:: EXERCISE REQUIREMENTS ::
The answer should hold only the lines from the one containing "El amor nunca deja de ser" through the one containing "𝕾𝕻𝕰𝕰𝕯 𝕲𝕬𝕹𝕲- MIDNIGHT" in the entries below, copied exactly, without pictures.

:: EXTRACTED ENTRIES ::
☆ ☆ ☆ ☆
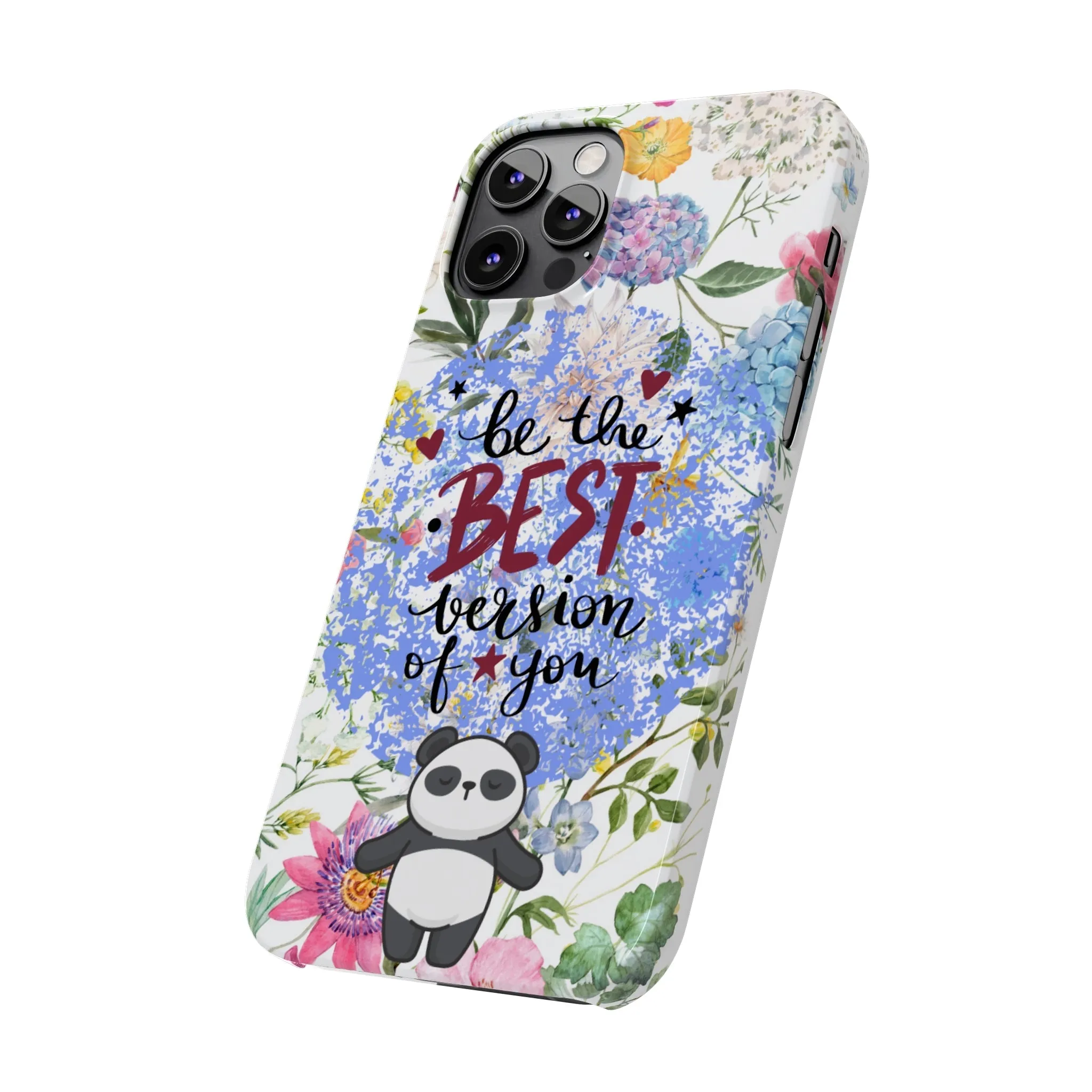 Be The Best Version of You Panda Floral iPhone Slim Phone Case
☆ ☆ ☆ ☆
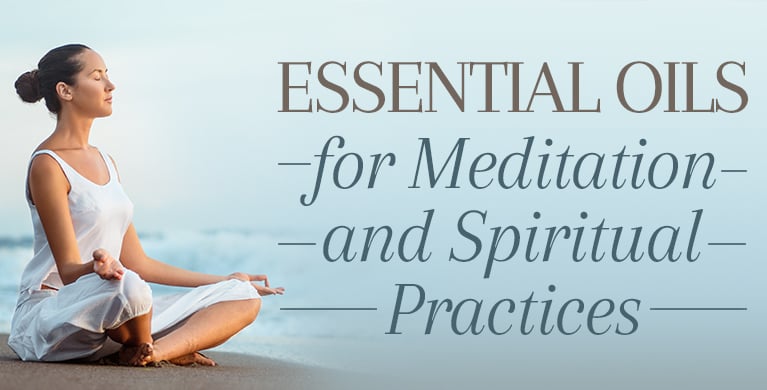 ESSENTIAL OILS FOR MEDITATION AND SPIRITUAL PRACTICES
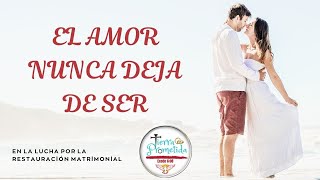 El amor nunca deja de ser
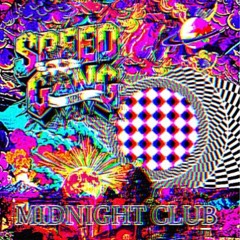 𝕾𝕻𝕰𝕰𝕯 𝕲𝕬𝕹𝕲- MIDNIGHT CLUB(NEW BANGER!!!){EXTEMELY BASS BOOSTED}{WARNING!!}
☆ ☆ ☆ ☆
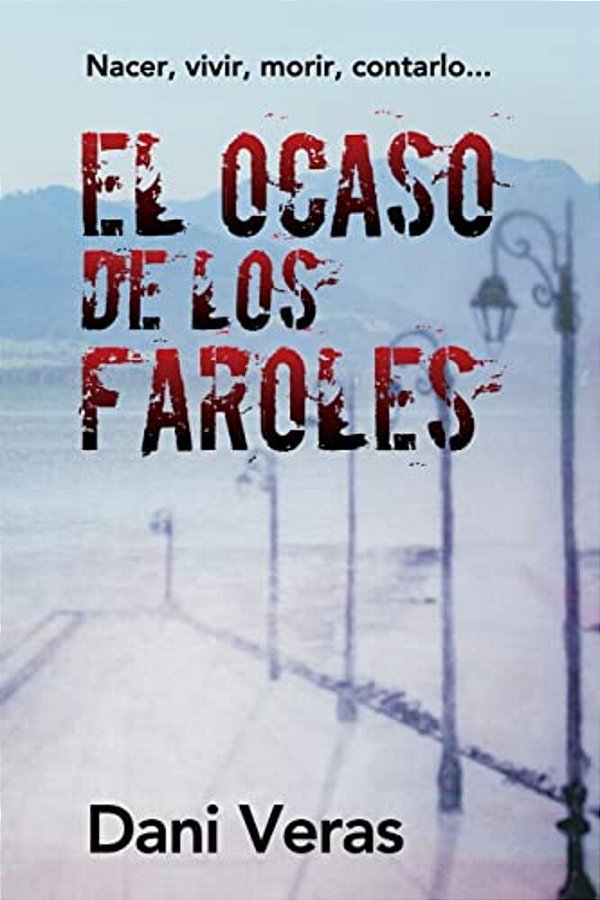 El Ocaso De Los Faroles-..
☆ ☆ ☆ ☆
:: FINAL ANSWER ::
 El amor nunca deja de ser
 𝕾𝕻𝕰𝕰𝕯 𝕲𝕬𝕹𝕲- MIDNIGHT CLUB(NEW BANGER!!!){EXTEMELY BASS BOOSTED}{WARNING!!}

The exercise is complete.